Lo demás me suena a populismo barato, a propaganda de asamblea o perorata desde el atril de algún tiranorzuelo latinoamericano, como ese garrulo del bigote con pinta de cacique de villorrio.


Siempre me pareció Cataluña una comunidad maravillosamente plural y diversa, por eso es crucial que se mantenga así, rica en su variedad, frente a la pretensión impuesta de una sociedad cerrada y homogénea, fuertemente identitaria (ignoran que identidades tienen las personas, no los territorios) con una historia falseada que, en realidad, comparte casi en su totalidad con el resto del país. No hay un pueblo, no es la aldea de Astérix, hay unos ciudadanos libres que tienen unos derechos (y unas obligaciones) y que son iguales tanto en Sabadell como en Soria. El resto son monsergas autócratas para adoctrinar a ganado espongiforme, música celestial de liberación de las patrias que el nacionalismo más corrupto de la Europa Occidental ha puesto a todo volumen para que el rebaño baile.
Requerir al “pueblo catalán” como si fuera un ente con vida propia y uniforme, lo único que hace es azuzar los bajos instintos de los que prefieren formar parte de un todo genérico en lugar de encumbrar su yo individual; la famosa pertenencia al grupo, donde los símbolos y emblemas adquieren el carácter de trascendencia y rito.
A pesar de la supuesta épica que desprende el irresistible aroma de las heroicas gentes librándose del yugo del Estado opresor, la realidad, fría, precisa y gris, es que sólo se ha visto a unos dirigentes embaucadores, cobardes e incompetentes, mandando a una masa de infelices victimizados, bandera en ristre, a saltarse las leyes y jugarse el tipo frente a las fuerzas de seguridad con orden de contenerse. Falsificando y engordando heridos y haciendo el ridículo frente al mundo que observaba perplejo.
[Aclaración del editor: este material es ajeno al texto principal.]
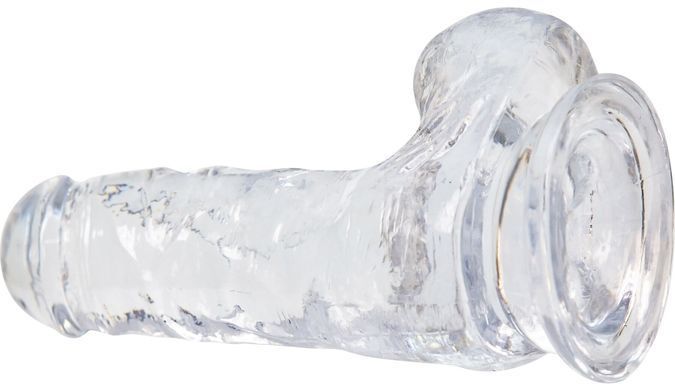 Прозорий фалоімітатор на присосці ADDICTION &mdash; Clear Dildo with Balls 6&Prime;, віброкуля в подарунок SO5580 фото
Y después los responsables huyendo como conejos. Degradante vodevil.
No menos bochornoso que el papelón que está interpretando cierta izquierda española, empeñada en prolongar ese tremendo error histórico, no asumido por casi nadie, de aliarse con el nacionalismo más retrógrado en siniestro concubinato.
No, apelar al pueblo como guardián de las esencias supremas, lanzarse a la secesión, imponer una dogma plagado de alegorías históricas tergiversadas y quebrar la sociedad polarizando de forma maniquea entre patriotas y traidores no es progresista, no es solidario, ni siquiera liberal. Es justamente todo lo contrario.

Hay que viajar y luego volver, aunque sea mentalmente, a la infancia, a las villas bucólicas y tranquilas que plagan las costas bañadas por el Atlántico y el Mediterráneo, pero nunca caer en las trampas de la tribu y de la raza, de los hechos diferenciales, del cortijo privado y el negocio del sentimentalismo. Es un pensamiento primario, preciudadano y cateto hasta el sonrojo.